Member of Legislative Assembly
- In office 2014-2017
- Constituency: Kothagudem (Assembly constituency)

Member of Legislative Assembly
- In office 2004 - 2009
- Constituency: Sathupalli

Personal details
- Born: 18 April 1968 (age 58) Khammam, Telangana
- Party: Bharatiya Janata Party
- Other political affiliations: Bharat Rashtra Samithi Indian National Congress All India Forward Bloc
- Relations: Jalagam Prasada Rao (brother)
- Parent: Jalagam Vengala Rao (father)
- Occupation: Politician

= Jalagam Venkat Rao =

Indian politician

Jalagam Venkat Rao (born 18 April 1967) is a former member of the legislative assembly representing Kothagudem Assembly constituency. He won the 2004 elections from Sathupalli constituency and 2014 elections from Kothagudem constituency.

==Early life==
He was born to 5th Chief Minister of Andhra Pradesh, Jalagam Vengala Rao in Khammam, Khammam district. He has an elder brother, Jalagam Prasada Rao, a former minister. He studied towards his BS Computer science in the USA.

==Career==
He was a technocrat and was running a software company in Hyderabad, VJ Info.

===Political career===
Jalagam Venkat Rao was a Member of the Legislative Assembly of Andhra Pradesh, representing the INC for the same constituency, Sathupalli (Assembly constituency), just as his father.

===TRS===
Jalagam Venkat Rao won as MLA from Kothagudem assembly constituency in 2014 general elections, the first and the only TRS legislator from the Khammam district. In 2018 Telangana Assembly Elections he contested as MLA from Kothagudem Assembly constituency representing the then Telangana Rashtra Samithi (TRS) and had lost to his Congress rival Vanama Venkateswara Rao.
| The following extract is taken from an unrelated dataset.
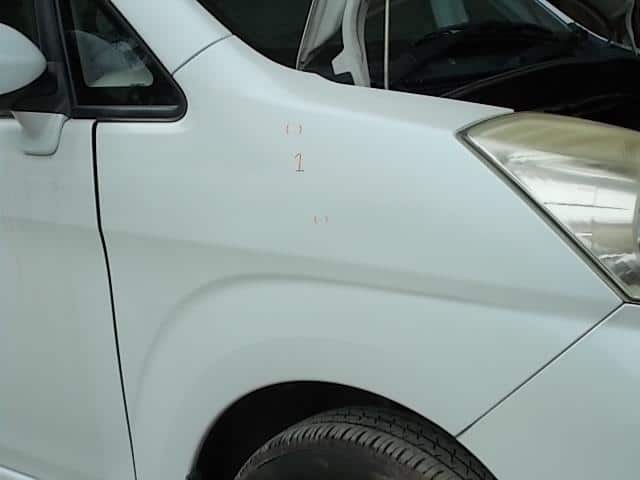 Right Fender Panel SUBARU Stella 2006 ABA-RN1 57210KJ0209P — photo 2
Venkata Rao challenged Venkateswara Rao's election on the ground that the latter had given misleading information in the affidavit and later filed a case in January 2019. The Telangana High Court, after four years of courtroom battle, held that Venkateswara Rao stood disqualified as Kothagudem MLA Tuesday, 25 July 2023.
===BJP===
Jalagam joined the Bharatiya Janata Party on 10 March 2024 in the presence of party's General Secretary and Telangana state incharge Tarun Chugh at central party headquarters in New Delhi ahead of 2024 Lok Sabha elections.